Sebelumnya, tarif pajak karbon oleh pemerintah ditetapkan sebesar Rp 30 per Kg atau setara dengan Rp 30.000 per ton emisi karbon dioksida ekuivalen (tCO2e). Tarif tersebut jika dibandingkan dengan negara lain tergolong masih sangat jauh lebih kecil. Jika dalam satuan mata uang (kurs) US Dollar tarif Indonesia sekitar US$2,09 sementara itu, di Swedia per tCO2e dikenakan tarif sebesar US$137 (World Bank, 2021).  

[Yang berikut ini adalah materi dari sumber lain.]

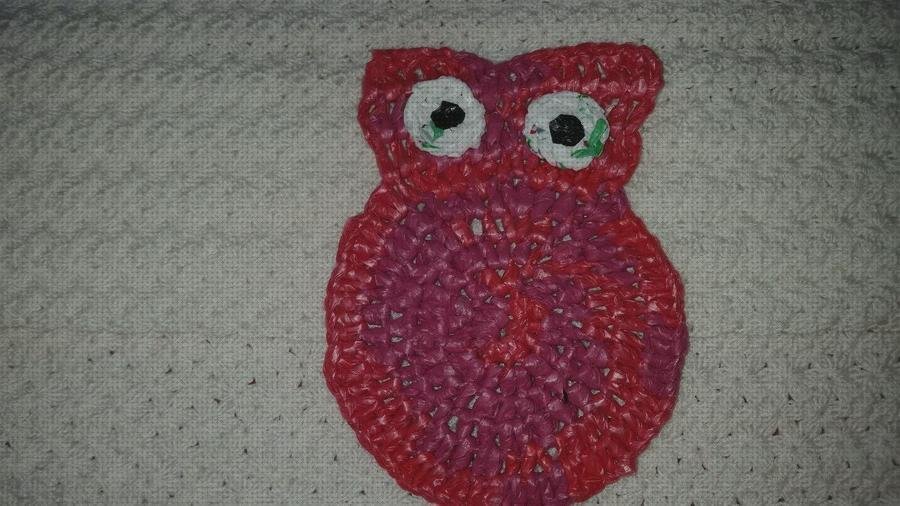 Las mejores hojas plástico buhos con bilsas de plástico y hojas secas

Tarif pajak karbon yang tinggi tentunya akan mendorong para pelaku usaha melakukan aksi mitigasi dan beralih pada sumber energi terbarukan. Jika tarif pajak yang dikenakan lebih murah daripada biaya yang dibutuhkan untuk mencapai target pengurangan emisi gas rumah kaca (GRK) pada 2030 sebesar 29%, para pelaku usaha atau masyarakat pun akan lebih memilih memilih membayar pajak daripada memitigasi atau mencari alternatif lain. Tentunya tarif dalam hal ini sangat penting agar dapat mencapai tujuan utama dari penetapan pajak karbon, yaitu sebagai instrumen pengendali iklim. 

 2. Transparansi Pelaksanaan Kebijakan 

Tantangan yang dihadapi dapat berupa lemahnya sistem administrasi perpajakan, kontribusi sektor penyumbang penerimaan yang minim, juga rendahnya tingkat kepatuhan pajak. Hal-hal terkait transparansi perpajakan yaitu berupa transparansi sistem keuangan dan kaitannya. Selain itu, pada saat transparansi keuangan hal yang terkait juga yaitu digitalisasi dengan tetap menjaga privasi dan kerahasiaan data wajib pajak. 

Baca juga Sri Mulyani Ungkap Iklim Global Dapat Kikis Basis Pajak

Implementasi transparansi pada sistem perpajakan akan menghasilkan dampak positif berupa meningkatnya kepatuhan wajib pajak dan penerimaan negara. Unsur transparansi ini relevan dengan penerapan sistem demokrasi berupa partisipasi warga. 

Pada dasarnya, kepercayaan masyarakat untuk membayar pajak didasarkan atas pertanyaan: 

  • Berapa pajak yang harus dibayar? 
  • Mengapa harus membayar pajak? 
  • Untuk apa penerimaan pajak tersebut digunakan? 

Sehingga dapat dikatakan transparansi perpajakan perlu dihadapi dan diterapkan dengan maksimal agar dapat meningkatkan rasio kepatuhan pajak. 

3. Negosiasi yang Dilakukan Para Pengusaha di Sektor Energi 

Tak dapat dipungkiri adanya sisi gelap peraturan yang dapat ditembus jika memiliki koneksi yang kuat. Dikatakan oleh Memory Machingami (Senior Economist Environmental and Fuel Taxes), sejumlah tantangan dalam penerapan pajak karbon yaitu terdapat kelompok pelaku usaha energi fosil yang memiliki lobi-lobi agar bisa mempertahankan bisnisnya tersebut. Di negaranya, Afrika Selatan, Memory mengatakan untuk menyelesaikan lobi-lobi politik untuk kebijakan pajak karbon membutuhkan waktu 10 tahun. Cara yang digunakan untuk meminimalisir hal tersebut oleh negaranya berupa pemberian insentif dan kompromi terkait penetapan tarif pajak karbon.